This monograph discusses the use of the acyclovir; hydrocortisone topical combination product. Clinicians may wish to consult the individual monographs of Acyclovir or Hydrocortisone for more information about each specific agent.
Acyclovir; hydrocortisone is a topical agent for the treatment of herpes labialis (cold sores). Acyclovir is an antiviral agent and is a synthetic nucleoside analogue that has inhibitory activity against herpes viruses (herpes simplex virus type 1, HSV-1, and herpes simplex virus type 2, HSV-2). The inhibitory activity is highly selective due to acyclovir's affinity for the thymidine kinase enzyme encoded by HSV. Hydrocortisone is a steroid hormone secreted by the adrenal cortex. Topically, hydrocortisone is used for its anti-inflammatory effects. Topical acyclovir; hydrocortisone was approved by the FDA in July 2009 for the treatment of recurrent herpes labialis.
General Administration Information
For storage information, see the specific product information within the How Supplied section.

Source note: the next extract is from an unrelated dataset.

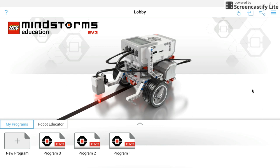All right, in this video we're going to overview the Mindstorms Education programming software. When you first launch the software, you're going to be brought to a screen that looks just like this, which is the lobby page.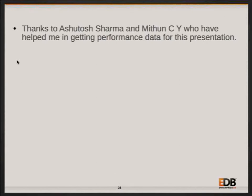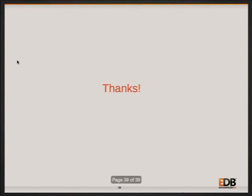In the end, I would like to thank my colleagues Ashutosh and Mithun who helped in taking some of the performance data. This was not all work done by me — many people got involved in the community for this work. One of them is Jasper, who is sitting here, and other colleagues like Mithun, Ashutosh, Kuntal, and Dilip. This was a very big work for PostgreSQL 10, and many people were involved in completing it, including Robert Haas who is the committer of this work. That's it from my side.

Route-Specific Administration
Topical Administration
Cream/Ointment/Lotion Formulations:
-Apply acyclovir; hydrocortisone cream topically to cold sore lesions.
-Apply a quantity sufficient to cover the affected area, including the outer margin.

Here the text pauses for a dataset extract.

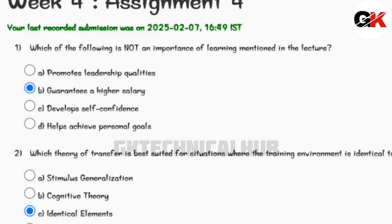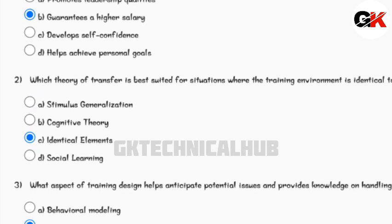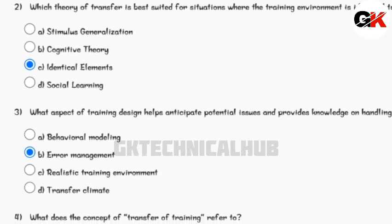As you can see, the questions and their respective correct answers are shown. Choose the correct option and submit the assignment.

-Avoid unnecessary rubbing of the affected area to avoid aggravating or transferring the infection.
-Do not apply the topical cream to the eye, inside the mouth or nose, or on the genitals.
-Use a finger cot or rubber glove when applying to avoid transmission of the virus to other sites or persons.
-Wash hands thoroughly after administration.
-Do not cover cold sore with an occlusive dressing or bandage.
-Do not use other skin products (make-up, sun screen, lip balm) or other skin medications on the cold sore or around the cold sore.
-Do not bathe, shower, or swim, within 30 minutes of applying acyclovir; hydrocortisone.
This monograph discusses the use of the acyclovir; hydrocortisone topical combination product. Clinicians may wish to consult the individual monographs of Acyclovir or Hydrocortisone for more information about each specific agent.
After administration of acyclovir; hydrocortisone, the patient may experience a bitter taste.
The most common adverse events associated with acyclovir; hydrocortisone were localized skin reactions. Skin irritation and contact sensitization are possible. Local adverse reactions that occurred in < 1% of patients in clinical trials included drying or flaking of the skin (xerosis), burning or tingling after applications, erythema, pigmentation changes, and application site reactions (inflammation). Contact dermatitis has been observed when acyclovir; hydrocortisone has been applied under an occlusive dressing in safety studies. Contact sensitivity tests showed that the hydrocortisone or a component of the cream base were the reactive substances. No phototoxicity potential was identified in trials.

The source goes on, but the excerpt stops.